Throughout Spring Grove, bodily imagery recurs with visceral frankness. On the haunting “Forcefed,” Peppet sings, “I’m eating my organs and I will let them sustain me.” This heightened awareness of physicality connects to Peppet’s diagnosis of obsessive-compulsive disorder around the album’s conception, creating what she describes as “a hyper-awareness of the body, a sense of removal where I could see myself from outside.”

This dissociative quality gives many songs a dreamlike remove, allowing Peppet to observe herself and her relationships from multiple perspectives simultaneously. Mirrors and reflections appear frequently as both literal images and metaphorical devices—tools for looking inward and for seeing beyond present limitations.

By the album’s conclusion with “Shapes,” Peppet seems to arrive at a place of acceptance. “I’ll try my best to let things pass just as it is,” she sings as drums build and then recede like waves. The final image—”a reflection in the water / I am rippling forever”—suggests ongoing transformation rather than finality, a fitting conclusion for an album that treats identity as perpetually in flux.

What makes Spring Grove memorable, though, isn’t just its sonic adventurousness or lyrical depth, but the way it transforms hauntings into healing.
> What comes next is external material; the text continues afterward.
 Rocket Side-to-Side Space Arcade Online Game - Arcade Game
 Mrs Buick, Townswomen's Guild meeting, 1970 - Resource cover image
These songs function as proper burials for relationships and versions of self that needed to be laid to rest—not to forget them, but to give them their proper place in memory’s landscape. Like its cemetery namesake, the album creates a space where the past remains visible but no longer painful, where ghosts can be acknowledged without letting them possess the present.

The Ophelias have crafted a record that treats complexity as an opportunity rather than an obstacle, that finds beauty in unresolved emotions, and that embraces the messiness of becoming.

Spring Grove is out now via Get Better Records.

The Ophelias play Casa Del Popolo on May 13.